The number one thing that people say when I tell them I’m an artist is: “Oh, I’m not creative. I can’t even draw a stick figure.” People are intrigued and fascinated by the artist life, but also a little defensive, as if they are uncomfortable because of their (perceived) lack of creativity.

Let me be real honest with you: This attitude drives me crazy. First of all, creativity is the force that propels the universe. Look at nature. Everything, at every moment, is begetting and begetting. Bees do it, flowers do it, rocks do it (verrrrrry slowly), stars do it, atoms do it.
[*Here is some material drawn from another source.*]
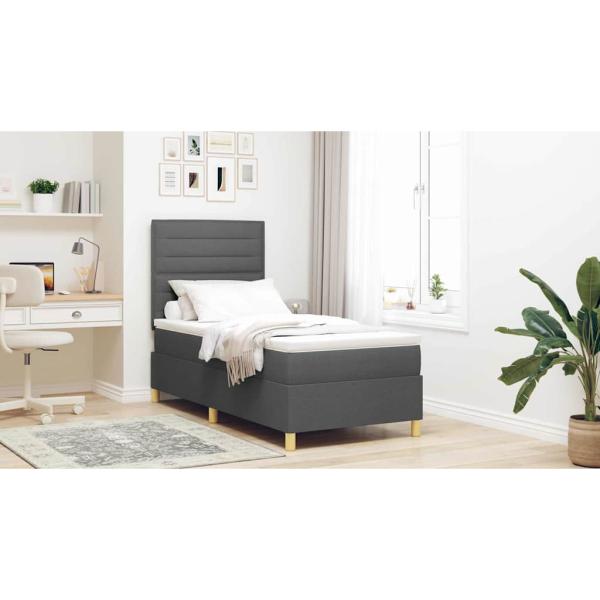 Boxspringbett mit Matratze Dunkelgrau 90x200 cm Stoff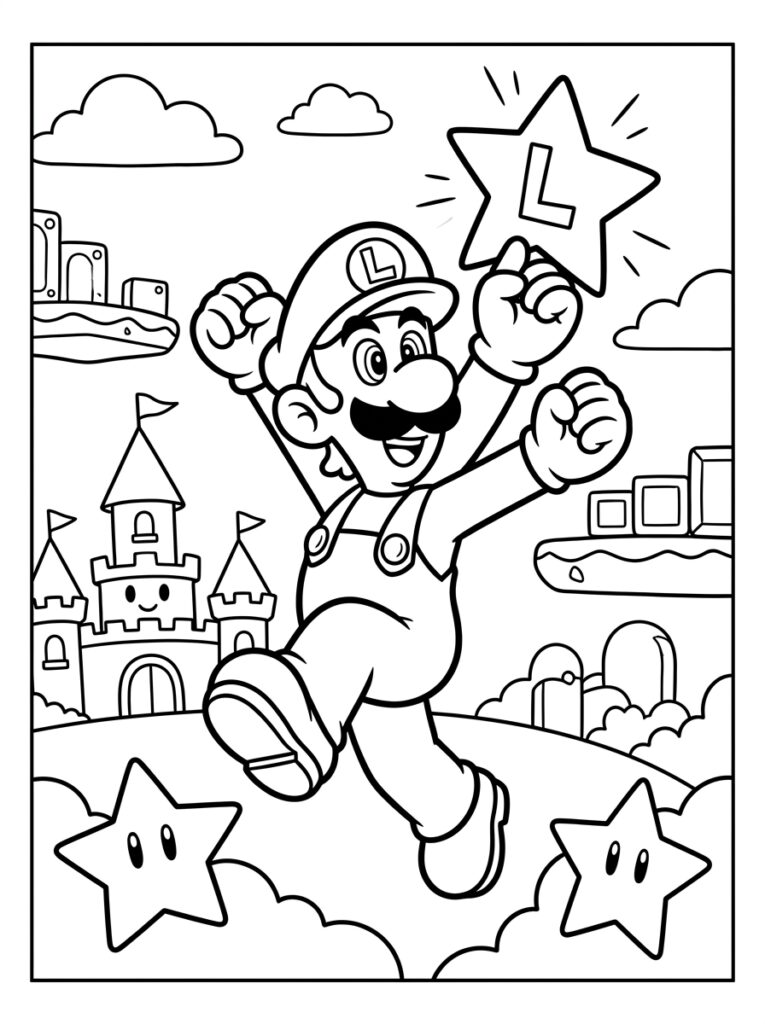 Luigi springt met ster in opgeheven hand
Everything is trying to make order out of chaos; everything is trying to make something from nothing. Every human is born creative, creativity pouring off them, dripping from their soul.

Creativity can be broadly defined as something novel and useful. For the love of Mike, it is not limited to the fine arts! Research shows that developing creativity in one area opens up the brain to be more creative in other areas. Unfortunately, creativity tends to be applied only to a very small population of people who perform music, are eccentrically flamboyant, or happen to have paint on their hands.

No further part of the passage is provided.